Sometimes philosophy can be biggest heuristic in all scientific researches.
Two types of learning
In deductive learning, nothing is really new except that you need to discover where it is hidden. But in inductive learning, it is possible that you may never discover it because they may never exist. And what you discover are all hypothesis which need to be verified by testing.
How to learn
We try to discover a number x by discovering what it is bigger than and what it is smaller than: i.e. x>=a and x<=b. Then
we declare that x is in range of [a ,b]. If we are lucky or we are doing very well, we find a=b and we can declare x=a=b.
That is to say, we discover an object by discovering its upper-bound and lower-bound. Similarly we define an object by
defining what an object is and what an object is not which corresponds to the outer space and inner space of the concept
of the object.
Then when...
Concept clustering or classification is the first step of recognition. Without this ability of comparison and contrast, we
can never be promoted to the stage of recognition.
Frame Representation vs. Semantic Network Representation
In textbook, it lists some problems of Frame representation such as representational inadequacy, lack of negation, disjunction, quantification etc. However, frame is more or less a sub-dialect of Object-Oriented design for representation of world which is more and more popular since it was born. So, the obvious conclusion is that the problems above is not so serious. But why?

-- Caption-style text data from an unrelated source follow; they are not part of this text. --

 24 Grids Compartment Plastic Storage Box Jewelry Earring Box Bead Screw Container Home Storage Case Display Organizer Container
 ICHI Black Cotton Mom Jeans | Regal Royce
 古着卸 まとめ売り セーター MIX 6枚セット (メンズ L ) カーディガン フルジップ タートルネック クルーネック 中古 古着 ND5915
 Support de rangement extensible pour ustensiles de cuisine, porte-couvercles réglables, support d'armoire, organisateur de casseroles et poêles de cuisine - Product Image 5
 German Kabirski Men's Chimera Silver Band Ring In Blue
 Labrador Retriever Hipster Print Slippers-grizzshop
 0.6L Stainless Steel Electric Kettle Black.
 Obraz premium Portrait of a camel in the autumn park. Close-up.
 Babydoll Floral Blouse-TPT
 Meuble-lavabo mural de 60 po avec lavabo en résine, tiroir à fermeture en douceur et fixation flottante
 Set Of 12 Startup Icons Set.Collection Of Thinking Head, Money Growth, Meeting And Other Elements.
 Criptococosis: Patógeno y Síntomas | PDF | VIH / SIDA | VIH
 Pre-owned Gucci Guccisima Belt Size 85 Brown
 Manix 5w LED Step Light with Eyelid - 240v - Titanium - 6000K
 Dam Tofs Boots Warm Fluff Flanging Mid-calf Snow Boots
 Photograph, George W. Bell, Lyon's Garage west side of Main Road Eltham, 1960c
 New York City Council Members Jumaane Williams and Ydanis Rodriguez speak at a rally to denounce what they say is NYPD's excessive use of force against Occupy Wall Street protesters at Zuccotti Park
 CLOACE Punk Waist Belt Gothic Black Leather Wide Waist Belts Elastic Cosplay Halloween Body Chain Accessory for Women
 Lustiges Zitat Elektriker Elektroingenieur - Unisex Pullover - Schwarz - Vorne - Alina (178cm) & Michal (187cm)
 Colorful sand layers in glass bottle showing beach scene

My idea is that one is optimistic view and the other is pessimistic view about world. In frame or OO we assume everything is true unless it is explicitly claimed to be false. Then why do we bother to have a disjunction if we assume all are always true? As for negation, is it really necessary if we don't have disjunction since if we declare something then we already implicitly declare its negation form and we don't need it. This representation is an optimistic view of world. Just like we assume everyone is innocent before he is proved otherwise. On the contrary, semantic network takes a pessimistic view of world or sceptical view of world which always assume nothing is true unless it is proved to be true.
In my stereotypical view, one is the upper bound, the other is the lower bound of representation.
What to represent?
This is the most fundamental question in knowledge representation. What on earth are we going to represent? Concept or relation between concept? Which is more important? Or what is more useful?
There are two views about world. One is static view and the other is dynamic view. In traditional knowledge representation, it emphasis more on the static view. Therefore they have the so-called semantic network, conceptual graph etc. They are pretty good when you use microscope to study each concepts casually in a sunshine afternoon before you go off nap. So what? Do we represent knowledge for just representing them as they are? We are using representation to do our deduction job and in a changing world this network doesn't work properly because it doesn't grasp the nature of the world. The nature of world is the binary relationship between two objects or concepts. No matter how you view the single object or concept, you are required to get a big picture of the movement of all objects in a system (closed world at some time point). That is why relational database can satisfy most of needs of industry because it grasp the relation between entities.
So, the dynamic view is at an upper wind against static view.
Backtrack Algorithms
In the pseudo code of algorithms, the most important part is the "while loop" for backtrack and it is the first time for me
to notice it. It is like an pushdown automaton to check the top of stack to make sure if the parent of node or the sibling
node is encountered. (Indeed it is a pushdown automaton.) This is how backtrack is done.
Searching Tree
We deliberately want to change a general search graph into a tree to avoid looping while in most cases all possible binary
relations consists a general graph. And the reason I don't feel happy about the algorithm in textbook is that it seems to
me that there is little difference between backtrack and depth-first-search. The reason we use backtrack rather than DFS
maybe the case when we are interested more in the path when goal state is reached. In purely DFS, path is not maintained
by the algorithm explicitly and it is the responsibility of programmer who has to use certain data structure to bookkeep
the path. Then why should you classify them into two classifications to confuse readers? Unless the author can give a
reason other than above I will not feel happy. I mean "state-searching" algorithm and "path-searching" algorithm.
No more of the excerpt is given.